Mentally disabled to stay in centre 90 days longer

Judge's order gives families of residents time to seek judicial review of Ontario decision to close Smiths Falls facility

Jake Rupert

The Ottawa Citizen

October 1, 2005

Mentally disabled adult residents at the Rideau Regional Centre near Smiths Falls will be allowed to remain in the publicly owned facility for at least another 90 days.

Ontario Superior Court Justice Robert Smith ordered the Ontario government to temporarily halt plans to move several hundred residents into private group homes. The injunction paves the way for the families and the public guardian's office to apply for a judicial review of the province's decision to close the centre.

Families of residents and the public guardian, which represents residents with no, or disinterested, relatives, had applied for an injunction to stop the centre from closing until a class action suit by the families could be heard. The suit, in part, asked for the facility to remain open permanently. Judge Smith declined the request for an injunction, and used his power to switch the action into a judicial review.

Lawyer Brenda Hollingsworth, who represents roughly 150 families, said Judge Smith's order is a relief to her clients.

"This is a very nerve-racking situation for these people," she said yesterday. "The ruling takes some of the pressure off them. These are very vulnerable people, and it gives them a reprieve."

Ontario Community and Social Services Minister Sandra Pupatello also expressed a positive reaction to the judge's ruling.

She said she was confident a court review of the decision to close the facility will show it to have been the right action, and the government had the power to make the decision.

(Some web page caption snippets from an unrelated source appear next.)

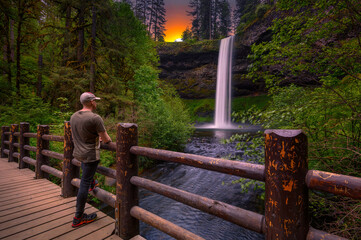Tourist looking at the South Falls in Silver Falls State Park, Oregon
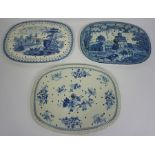 Three large blue and white meat drainers, 19th century, including a fine ovoid example decorated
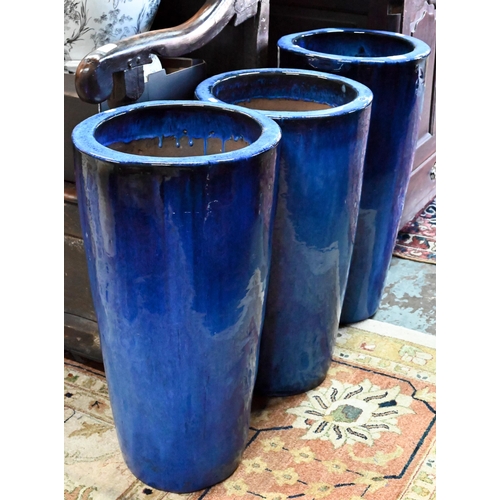 34 - Three large blue-glazed pottery garden planters, 69 cm high (3)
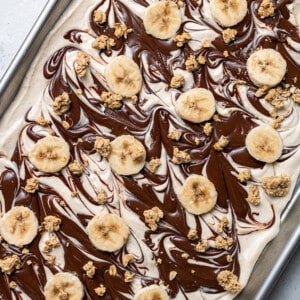 Overhead view of yogurt topped with melted chocolate swirls, banana slices and granola
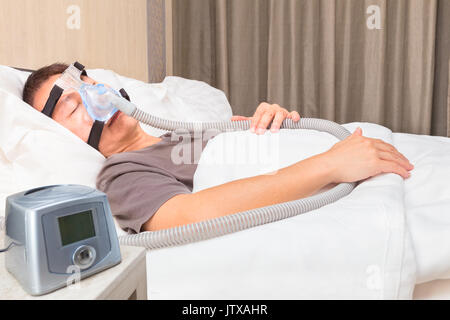 Mittelalter asiatischer Mann schläft in seinem Bett mit CPAP Maske verbinden mit Luftschlauch und CPAP-Gerät, Gerät für Menschen mit Schlafapnoe Stockfoto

As part of a decades-long policy of deinstitutionalizing the mentally disabled, the government announced last year an Ontario cabinet decision to close the centre, a process that was supposed to start this month and finish in 2009.

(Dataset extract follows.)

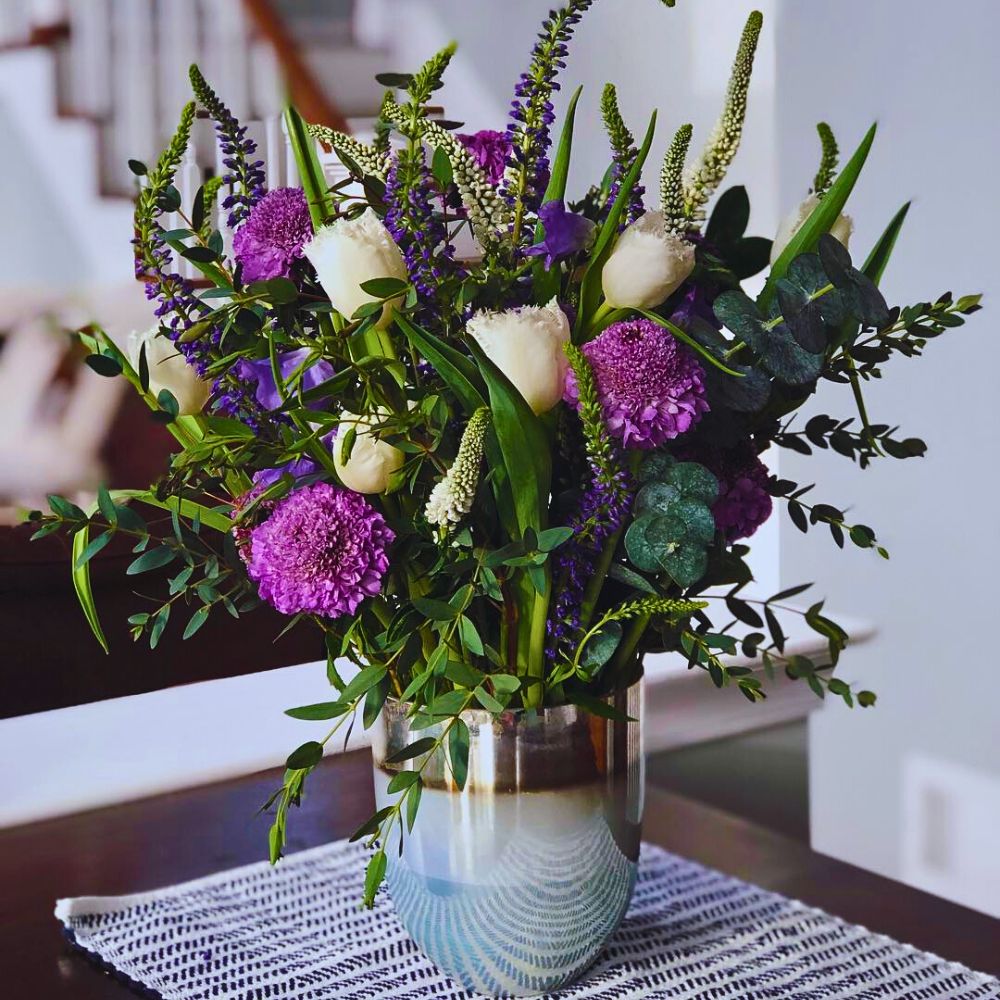 bunch of flowers with veronicas placed in a flower vase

Ms. Pupatello said while she understands the families' apprehensions, history shows the mentally disabled do better in the community, and the supports they need in the community are available. She said she's met parents and family of like people who were vehemently opposed to deinstitutionalization, but that once it was done, and the benefits became apparent, they were won over.

"They are now the biggest proponents of moving into the community," she said.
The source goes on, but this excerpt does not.